# Smokers.



## slewfoot (Nov 6, 2013)

Does anyone smoke their meat? I Got a propane smoker for Christmas and after a little practice and a small modification I have never had Ribs and pork roast that tastes so good.
I have already checked out how I can convert this to charcoal if worse came to worse in a SHTF situation.


----------



## Prepadoodle (May 28, 2013)

I tried to smoke some meat once, but couldn't keep it lit.

Bada Bing

Sorry, couldn't resist.


----------



## TacticalCanuck (Aug 5, 2014)

Propane smoker is a sweet idea - awesome! While I can't offer feedback I can thank you for the info!


----------



## jeff70 (Jan 29, 2014)

I have a few smokers, mt favorite is a weber smoky mountain, holds temp great.


----------



## OctopusPrime (Dec 2, 2014)

.................


----------



## Mish (Nov 5, 2013)

slewfoot said:


> Does anyone smoke their meat?


hehe sorry


----------



## Slippy (Nov 14, 2013)

Congrats Slew,

From 1987 to 2013 BBQ was a big part of my world. Sadly, my old New Branufels, TX made smoker was laid to rest in '13. I rebuilt her twice but she began to rust out and was beyond repair. I've not found a suitable replacement but will one day. Wood and Charcoal is the way to go, Low and Slow is the method. Hickory for Pork, Mesquite for Brisket, Combination wood for chickens and Pecan or Oak when you don't have the others. But thats my taste, yours may differ.

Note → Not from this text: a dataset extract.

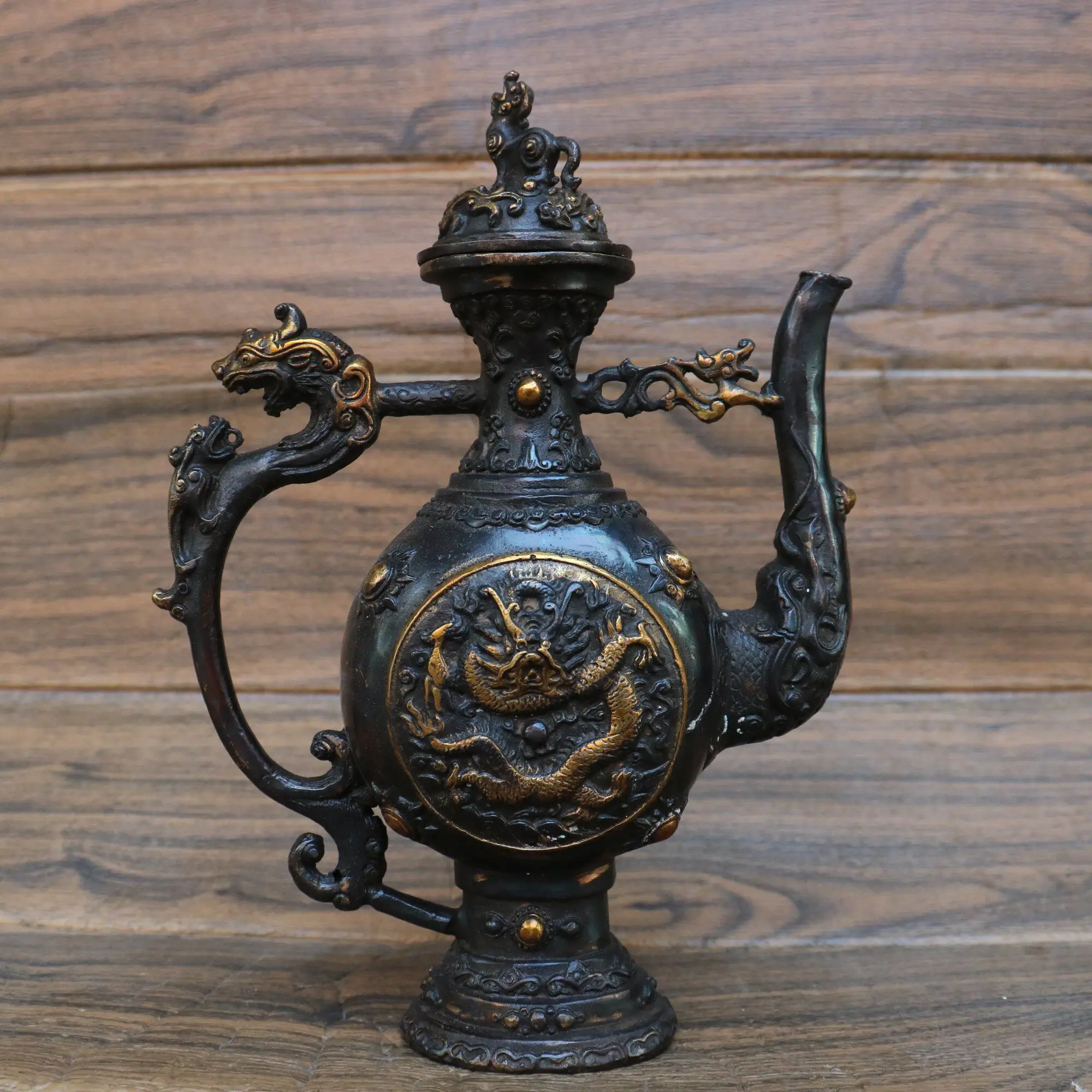Vintage Copper Dragon Pattern Wine Pot Home Desktop Decor Crafts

I know very little about the Propane Smokin' World, to me Propane is for Grillin' not Smokin'. There is a difference. I'm not puttin' down Propane, I've got a Propane Weber Grill. But for a real Q experience, wood and charcoal, low and slow.


----------



## Auntie (Oct 4, 2014)

Wait til you smoke your first turkey or brisket! 

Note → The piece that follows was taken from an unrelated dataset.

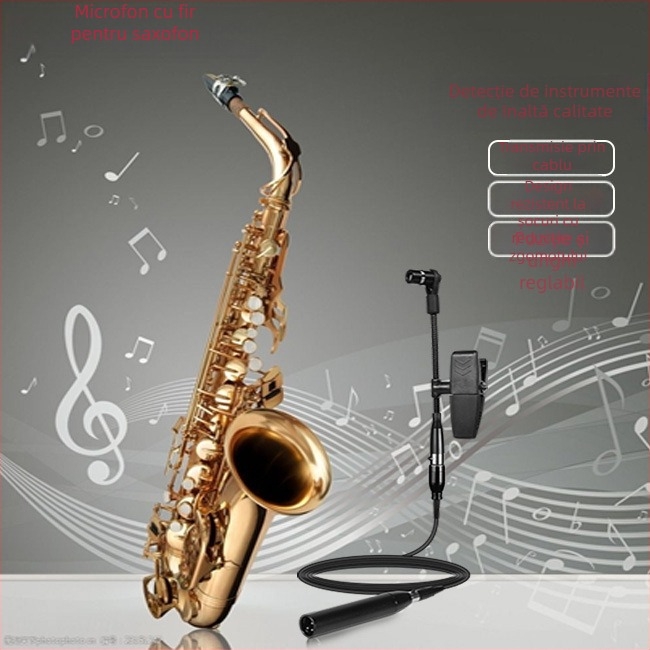 Microfon condensator pentru instrumente muzicale pentru saxofon, corn și trompetă — Dr.MIC/teacher Mai; direcție în formă de inimă; SNR ≥85 dB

I am with slippy on the propane vs wood. However, in all fairness I have never tried a propane smoker. The most important thing is to find/make the right rubs and remember low and slow is the way to go.


----------



## jeff70 (Jan 29, 2014)

Like I said above I have a WSM and use it for ribs and pulled pork, I also have a Ugly drum smoker I made a few years ago, I love the turkey and chicken in the drum, If you want a good cheap smoker look online for plans and Make a Ugly drum, I got my barrel free and the rest cost about $50. I use Hickory and Cherry for almost all my cooking Sometimes throwing some apple or pecan on to change things up. I have a few friends who compete on the national level and have learned alot of tricks from them, but mostly it is trial and error.


----------



## Moonshinedave (Mar 28, 2013)

I've done quite a bit of smoking, I start off with a pretty fair amount of charcoal, and when its hot, put hickory logs on it. I wrap the meat (usually beef) with foil, as not to make the smoke flavor too over bearing, keep the heat close to 225 degrees usually about 51/2 to 6 hours or until tender. Works for me.


----------



## Arklatex (May 24, 2014)

I am new to smoking. I picked up an Oklahoma Joe smoker last spring and have commenced learning the art. Lucky for me we have pecan trees to feed it. I have also bought several other types of wood in chips to use for it. The pecan from my property seems to give me the best flavor. I have only done basic stuff on it so far but this year I intend to bring it to the next level. My first goal is to make an awesome brisket. I'll let yall know how it turns out and may be asking for advice and recipes. The Oklahoma joe smoker seems to be well built. Time will tell.


----------



## Slippy (Nov 14, 2013)

Arklatex said:


> I am new to smoking. I picked up an Oklahoma Joe smoker last spring and have commenced learning the art. Lucky for me we have pecan trees to feed it. I have also bought several other types of wood in chips to use for it. The pecan from my property seems to give me the best flavor. I have only done basic stuff on it so far but this year I intend to bring it to the next level. My first goal is to make an awesome brisket. I'll let yall know how it turns out and may be asking for advice and recipes. The Oklahoma joe smoker seems to be well built. Time will tell.


ARK,
Somewhere on the forum I have a brisket recipe and rub. But here is the condensed version;

Marinade the brisket overnight in a full strength beer. Make a rub of Brown sugar, garlic, red, black and white pepper, kosher salt, paprika, allspice and Lawry's Season Salt.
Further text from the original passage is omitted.